According to the TTMS, most of the country is likely to get a percentage of average seasonal rainfall between 88% to 141%. 

Trinidad and Tobago receives, on average, three to eight 7-day dry spells and one to five 10-day dry spells in the dry season. For 2023, according to the TTMS, there is a 70% probability for three to five 7-day dry periods and one to three 10-day dry spells. 

In the Met Office’s 2023 Dry Season Outlook, there are relatively moderate to high probabilities (40%-100%) across most areas for seasonal rainfall totals to exceed the national Dry Season average of 412.0 mm. 

The TTMS added that there is a low (2%-17%) probability for totals to be in the lowest 10 percent of all dry season rainfall totals. 

Temperature-wise. the 2023 Dry Season temperature outlook indicates that near-normal seasonal mean, maximum and minimum temperatures are likely. Still, at least three to seven cold nights when temperatures can fall below 20.0°C are possible in January and February 2023. 

What does this mean for you 

Recent rainfall excesses during October and November 2022 have already influenced surface water flows and river levels. Wetter than usual conditions will increase surface and groundwater recharge and stream flow rates. 

Wetter conditions in the dry season usually increase breeding areas for mosquitoes, flies, rodents, and other wild creatures in and around homes and covered dry areas.  

The earlier part of the dry season is expected to be wetter than normal and will likely decrease bush, forest, and landfill fire potential. 

The latter half of the dry season is expected to be normal to drier than normal. Therefore, the probability of bush, forest, and landfill fires is likely to increase.
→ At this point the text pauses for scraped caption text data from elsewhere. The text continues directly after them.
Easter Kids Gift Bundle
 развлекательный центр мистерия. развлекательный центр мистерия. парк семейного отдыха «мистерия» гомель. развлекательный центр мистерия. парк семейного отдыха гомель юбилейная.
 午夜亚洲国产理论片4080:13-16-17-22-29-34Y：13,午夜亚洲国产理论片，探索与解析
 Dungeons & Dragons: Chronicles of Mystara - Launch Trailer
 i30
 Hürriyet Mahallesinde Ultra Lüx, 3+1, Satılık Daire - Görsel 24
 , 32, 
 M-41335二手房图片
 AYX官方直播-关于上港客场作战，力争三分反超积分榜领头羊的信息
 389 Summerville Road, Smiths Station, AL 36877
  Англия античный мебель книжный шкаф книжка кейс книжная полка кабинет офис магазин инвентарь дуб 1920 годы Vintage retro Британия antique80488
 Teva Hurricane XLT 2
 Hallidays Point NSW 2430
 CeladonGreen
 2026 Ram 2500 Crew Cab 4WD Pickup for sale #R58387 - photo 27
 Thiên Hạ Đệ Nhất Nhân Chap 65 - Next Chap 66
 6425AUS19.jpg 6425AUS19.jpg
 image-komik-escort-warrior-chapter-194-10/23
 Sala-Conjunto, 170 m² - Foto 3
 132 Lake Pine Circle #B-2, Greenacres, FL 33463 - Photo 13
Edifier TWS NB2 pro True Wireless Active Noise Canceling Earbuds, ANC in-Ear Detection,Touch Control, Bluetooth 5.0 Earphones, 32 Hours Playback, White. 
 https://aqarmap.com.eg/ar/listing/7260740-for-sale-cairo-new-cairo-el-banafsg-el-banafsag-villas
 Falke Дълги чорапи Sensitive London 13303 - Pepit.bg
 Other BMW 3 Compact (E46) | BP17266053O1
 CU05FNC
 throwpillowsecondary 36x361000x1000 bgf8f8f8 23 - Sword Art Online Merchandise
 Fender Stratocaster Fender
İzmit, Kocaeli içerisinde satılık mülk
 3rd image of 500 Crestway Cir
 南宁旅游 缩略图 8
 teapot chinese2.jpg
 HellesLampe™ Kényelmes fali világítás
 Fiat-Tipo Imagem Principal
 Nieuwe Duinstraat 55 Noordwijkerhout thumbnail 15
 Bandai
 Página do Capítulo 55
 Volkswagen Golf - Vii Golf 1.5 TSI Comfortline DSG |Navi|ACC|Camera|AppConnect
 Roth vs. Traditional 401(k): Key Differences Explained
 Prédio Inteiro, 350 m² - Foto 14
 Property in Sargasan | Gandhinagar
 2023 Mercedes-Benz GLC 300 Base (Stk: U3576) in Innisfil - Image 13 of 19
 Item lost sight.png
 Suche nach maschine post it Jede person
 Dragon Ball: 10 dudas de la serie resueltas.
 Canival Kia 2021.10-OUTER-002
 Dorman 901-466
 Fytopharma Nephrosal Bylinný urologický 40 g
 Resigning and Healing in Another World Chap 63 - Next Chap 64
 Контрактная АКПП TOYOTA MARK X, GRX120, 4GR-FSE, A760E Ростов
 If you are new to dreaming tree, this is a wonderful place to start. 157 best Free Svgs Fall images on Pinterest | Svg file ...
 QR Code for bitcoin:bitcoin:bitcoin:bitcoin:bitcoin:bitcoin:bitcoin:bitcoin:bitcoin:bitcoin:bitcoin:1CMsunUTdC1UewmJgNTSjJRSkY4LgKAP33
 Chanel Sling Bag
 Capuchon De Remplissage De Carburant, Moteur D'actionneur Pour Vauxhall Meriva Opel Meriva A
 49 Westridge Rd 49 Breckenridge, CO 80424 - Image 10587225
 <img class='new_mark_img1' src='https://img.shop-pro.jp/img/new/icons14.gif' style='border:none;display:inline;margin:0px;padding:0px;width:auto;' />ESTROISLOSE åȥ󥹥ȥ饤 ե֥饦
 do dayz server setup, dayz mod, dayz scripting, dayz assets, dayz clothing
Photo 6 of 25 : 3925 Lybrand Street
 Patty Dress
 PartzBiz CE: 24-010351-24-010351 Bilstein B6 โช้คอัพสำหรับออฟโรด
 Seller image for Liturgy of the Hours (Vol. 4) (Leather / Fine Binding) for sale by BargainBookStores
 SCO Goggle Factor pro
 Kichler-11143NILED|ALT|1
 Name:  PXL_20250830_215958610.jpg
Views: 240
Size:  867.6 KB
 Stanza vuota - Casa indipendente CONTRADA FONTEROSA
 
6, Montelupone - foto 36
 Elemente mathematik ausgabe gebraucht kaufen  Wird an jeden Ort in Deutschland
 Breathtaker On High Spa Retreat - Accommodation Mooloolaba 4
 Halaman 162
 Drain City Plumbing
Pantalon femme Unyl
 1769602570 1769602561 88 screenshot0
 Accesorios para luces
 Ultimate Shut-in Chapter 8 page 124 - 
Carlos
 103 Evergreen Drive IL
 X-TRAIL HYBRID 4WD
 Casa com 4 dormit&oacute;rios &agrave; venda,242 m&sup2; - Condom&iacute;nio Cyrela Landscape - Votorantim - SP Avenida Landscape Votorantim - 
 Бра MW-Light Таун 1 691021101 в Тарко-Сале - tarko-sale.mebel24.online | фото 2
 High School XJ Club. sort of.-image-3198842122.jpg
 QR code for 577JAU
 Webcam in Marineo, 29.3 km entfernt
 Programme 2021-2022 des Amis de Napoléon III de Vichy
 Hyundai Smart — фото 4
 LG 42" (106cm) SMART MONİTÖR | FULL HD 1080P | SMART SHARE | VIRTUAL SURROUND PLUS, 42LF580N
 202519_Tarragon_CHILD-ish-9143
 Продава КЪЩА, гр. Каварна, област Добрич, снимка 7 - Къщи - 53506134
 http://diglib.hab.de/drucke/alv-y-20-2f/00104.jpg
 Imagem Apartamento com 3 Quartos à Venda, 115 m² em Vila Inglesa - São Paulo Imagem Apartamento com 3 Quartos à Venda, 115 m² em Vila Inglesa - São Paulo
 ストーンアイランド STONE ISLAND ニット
This will likely reduce air quality and negatively affect persons with existing respiratory and other ailments. 

What should you do? 

The Met Office advises the public to review their household water plans and conserve, store and manage water safely and adequately. 

For the public sector and stakeholders, vulnerable communities need to be sensitized on the negative impacts of the forecast and actions to be taken and raise awareness on dry season agriculture, pest and disease control measures, and bushfires risk. 

Those in waste management should ramp up contingency plans to mitigate the possible occurrence of landfill fires. 

The Met Office is also advising those in public health to review contingency plans to manage dry season spikes in vector-borne diseases such as gastroenteritis and leptospirosis; and dust/smoke-related respiratory ailments.